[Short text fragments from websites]
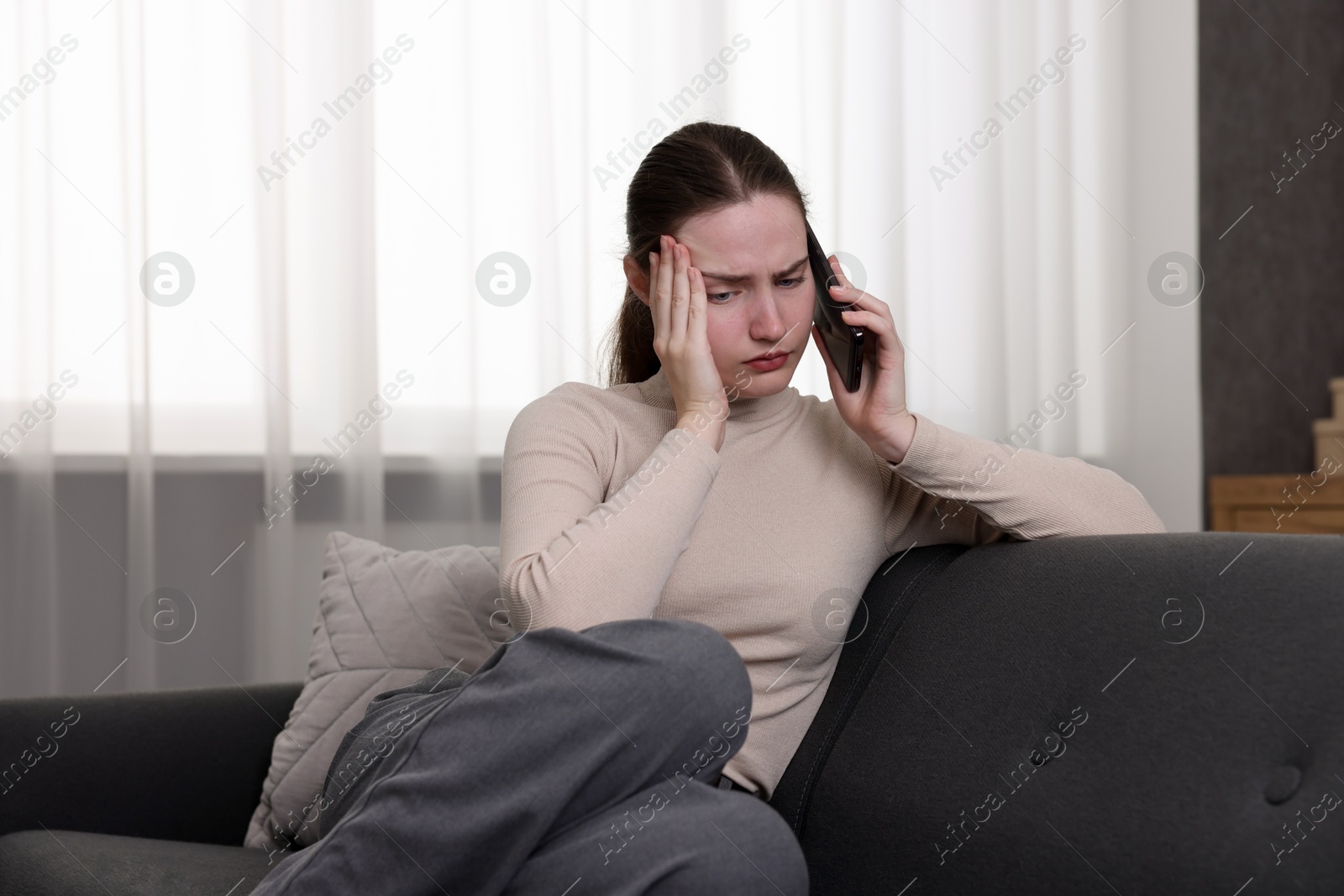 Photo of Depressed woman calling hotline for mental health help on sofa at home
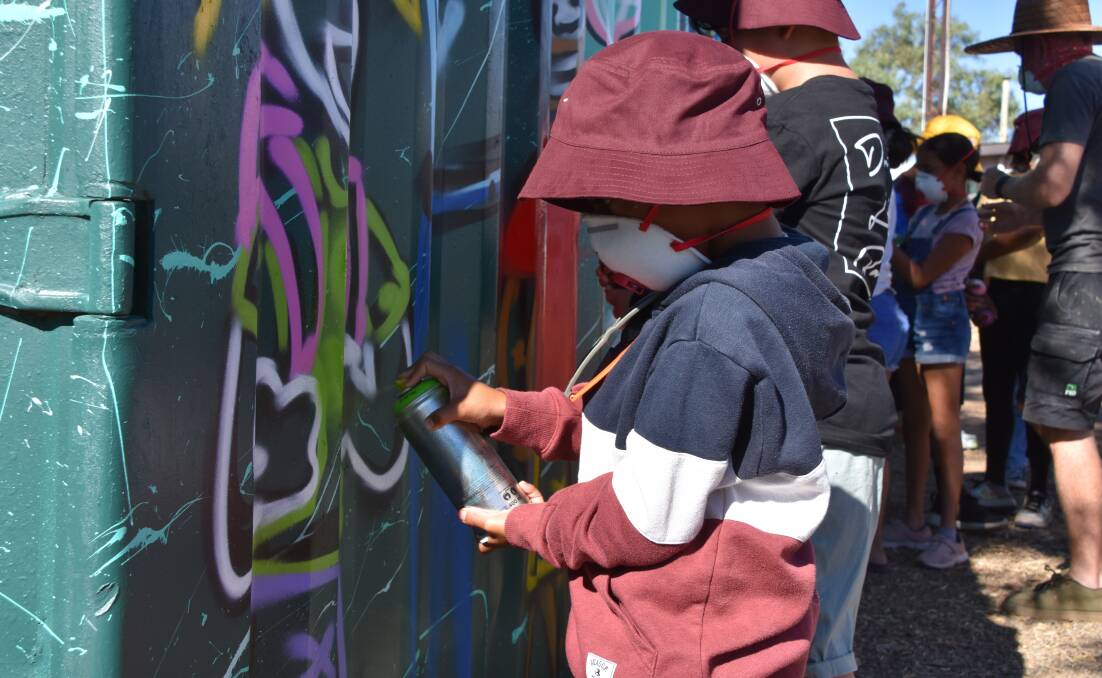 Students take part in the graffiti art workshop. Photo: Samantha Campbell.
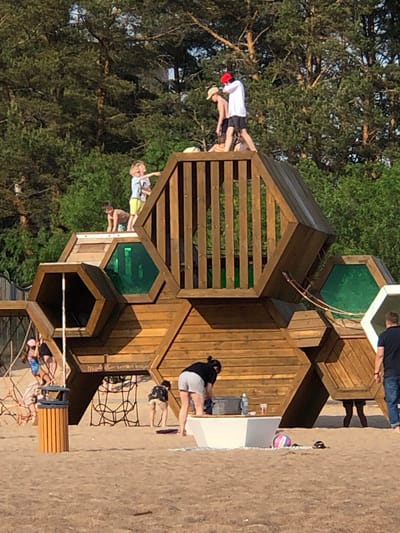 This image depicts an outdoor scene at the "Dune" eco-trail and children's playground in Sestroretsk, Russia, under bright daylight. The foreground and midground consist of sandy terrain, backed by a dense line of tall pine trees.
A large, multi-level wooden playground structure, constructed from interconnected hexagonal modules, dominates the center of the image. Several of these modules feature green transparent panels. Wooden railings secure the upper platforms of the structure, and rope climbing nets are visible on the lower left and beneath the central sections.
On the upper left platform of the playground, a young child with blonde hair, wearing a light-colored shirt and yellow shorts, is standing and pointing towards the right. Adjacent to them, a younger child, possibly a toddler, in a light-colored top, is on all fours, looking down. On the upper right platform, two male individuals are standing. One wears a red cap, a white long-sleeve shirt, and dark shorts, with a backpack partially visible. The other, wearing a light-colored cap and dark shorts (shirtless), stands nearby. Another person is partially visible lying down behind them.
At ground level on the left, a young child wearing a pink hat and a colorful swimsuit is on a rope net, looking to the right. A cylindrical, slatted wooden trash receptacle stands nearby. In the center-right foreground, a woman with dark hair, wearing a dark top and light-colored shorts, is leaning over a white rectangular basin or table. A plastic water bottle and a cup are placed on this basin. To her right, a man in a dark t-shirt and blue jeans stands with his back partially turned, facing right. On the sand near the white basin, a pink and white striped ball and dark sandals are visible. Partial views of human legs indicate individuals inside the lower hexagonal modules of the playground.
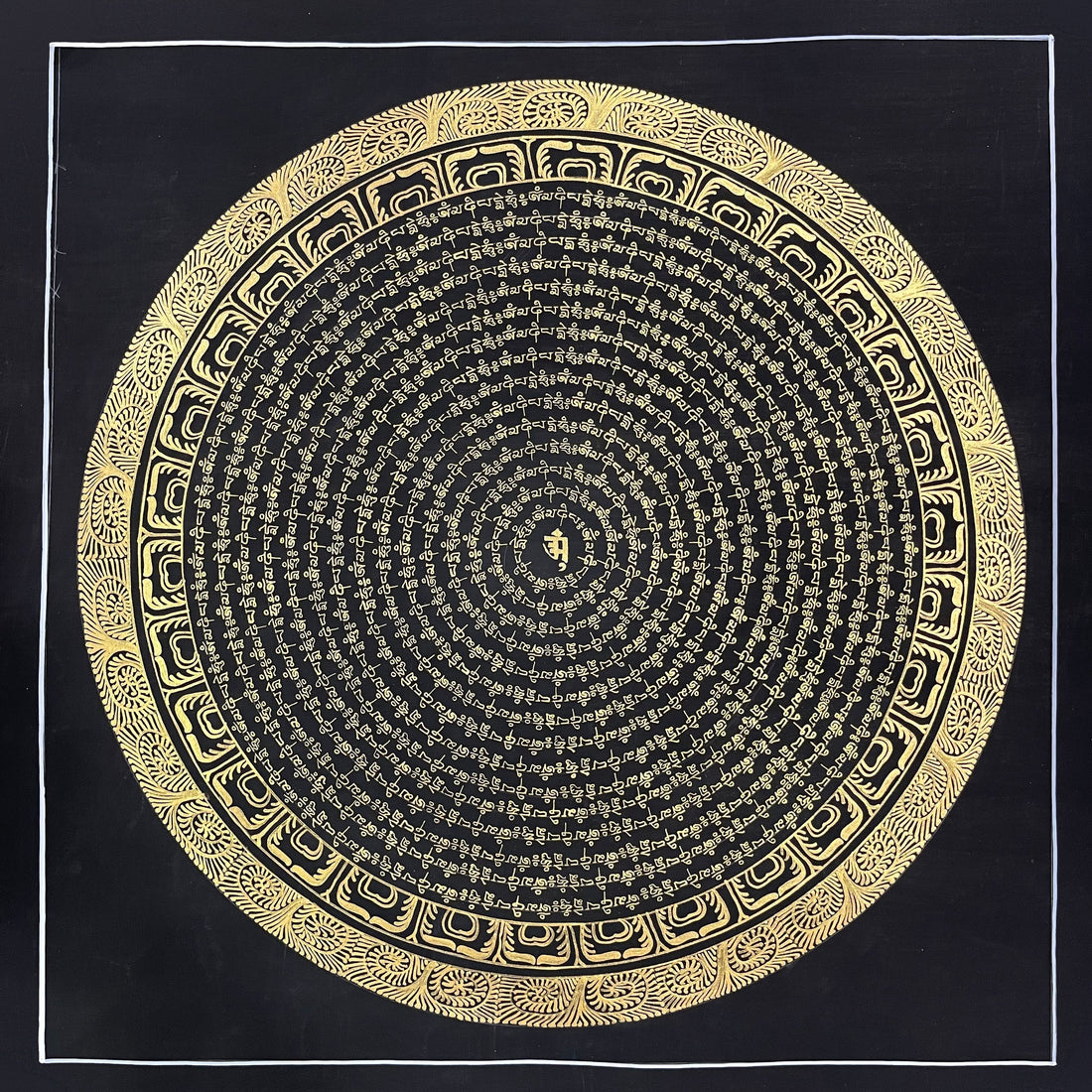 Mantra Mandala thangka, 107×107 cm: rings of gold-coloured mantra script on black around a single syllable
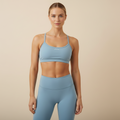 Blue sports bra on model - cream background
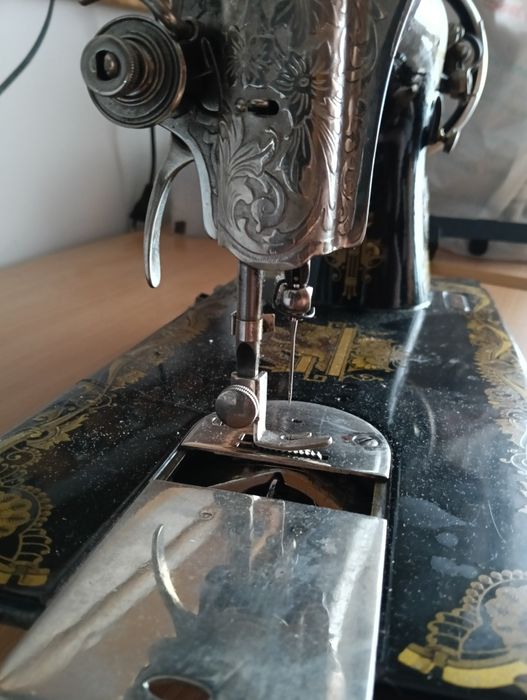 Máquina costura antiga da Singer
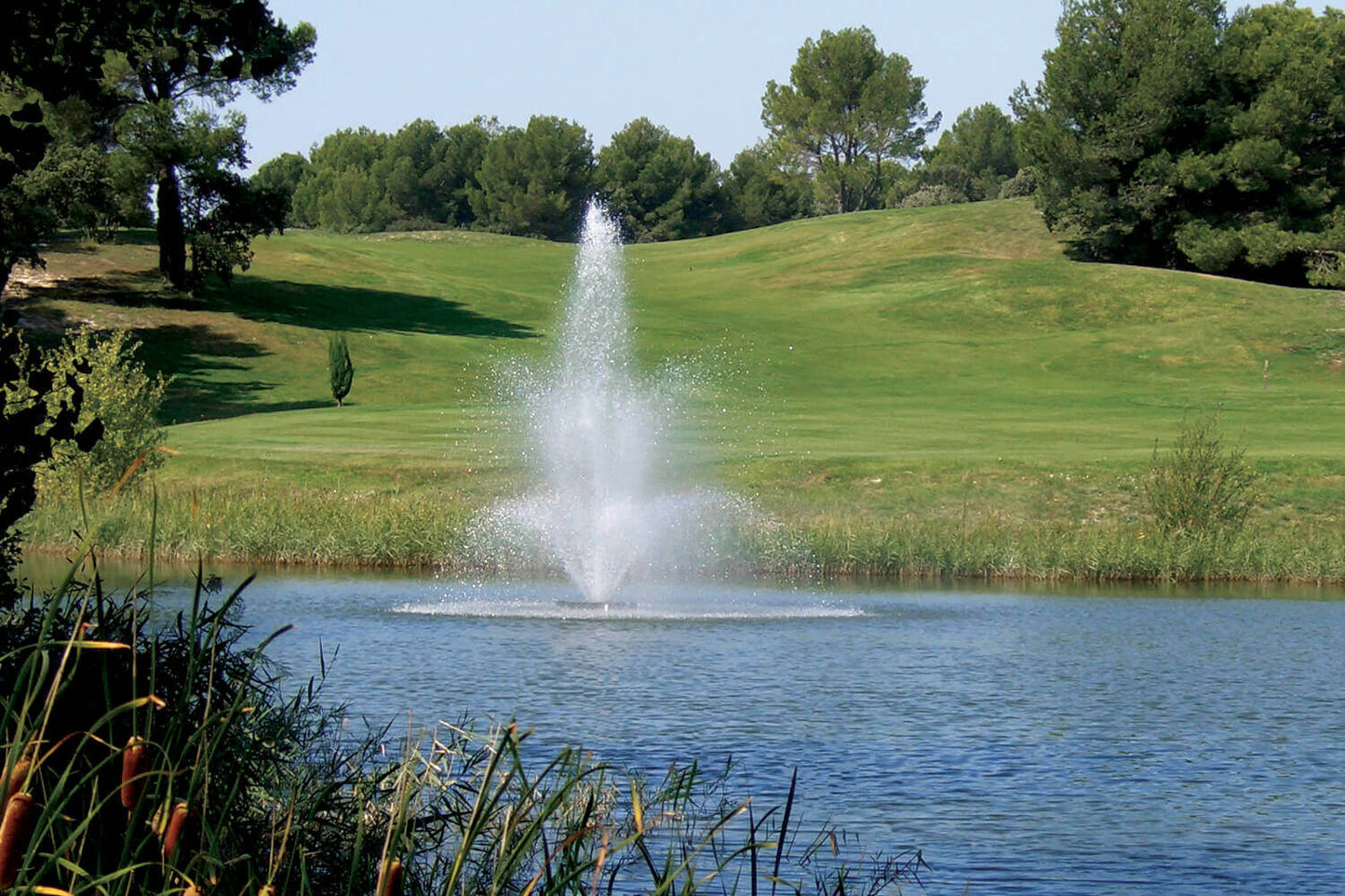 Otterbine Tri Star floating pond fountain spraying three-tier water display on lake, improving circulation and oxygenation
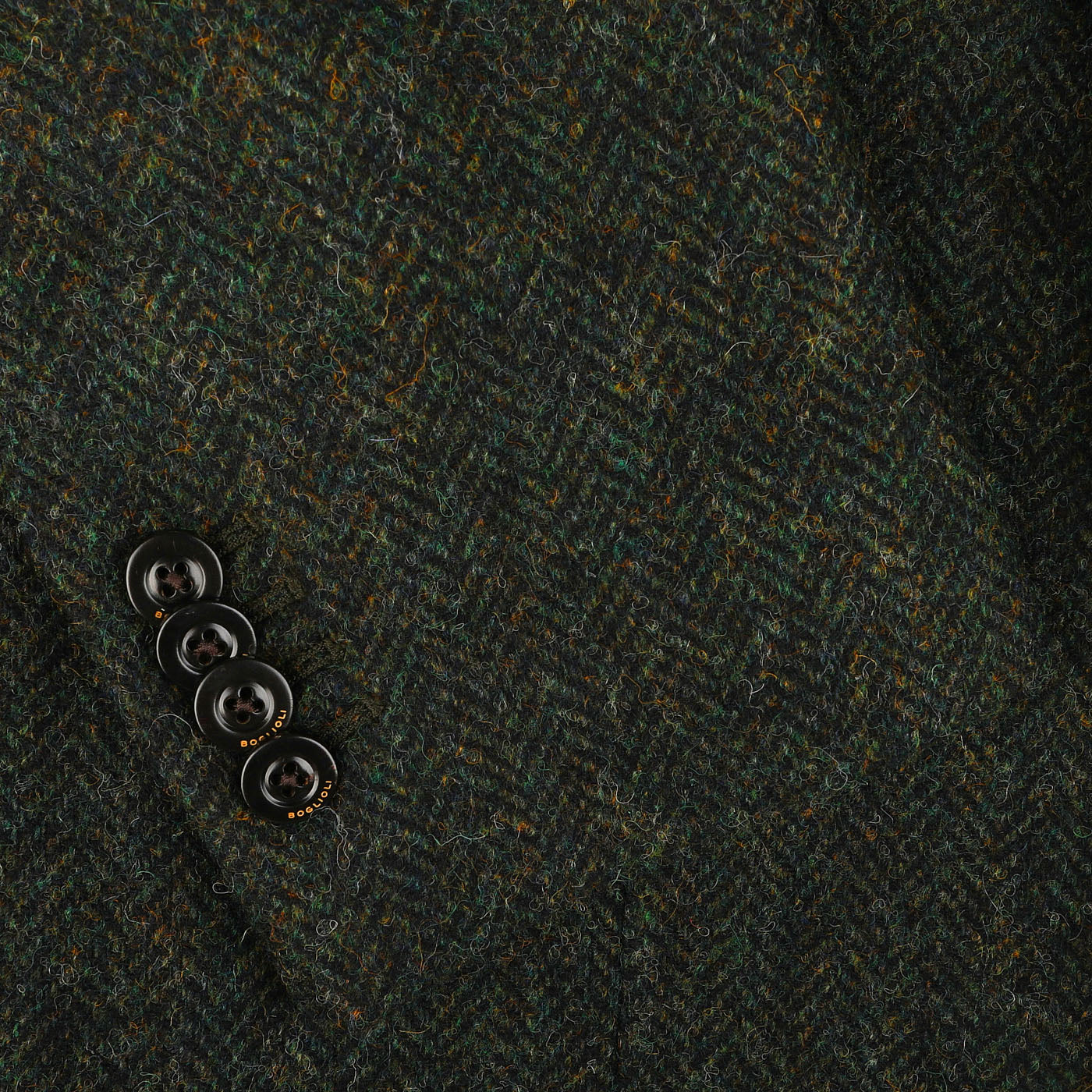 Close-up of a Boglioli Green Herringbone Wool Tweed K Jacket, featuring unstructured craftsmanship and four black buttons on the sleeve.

* _Work item_: Transcribe exactly the lines from the one containing "Máquina costura antiga da Singer" through the last line of the records above, and nothing else. Leave out the pictures.

* _Solution to the problem_:
 Máquina costura antiga da Singer
 Otterbine Tri Star floating pond fountain spraying three-tier water display on lake, improving circulation and oxygenation
 Close-up of a Boglioli Green Herringbone Wool Tweed K Jacket, featuring unstructured craftsmanship and four black buttons on the sleeve.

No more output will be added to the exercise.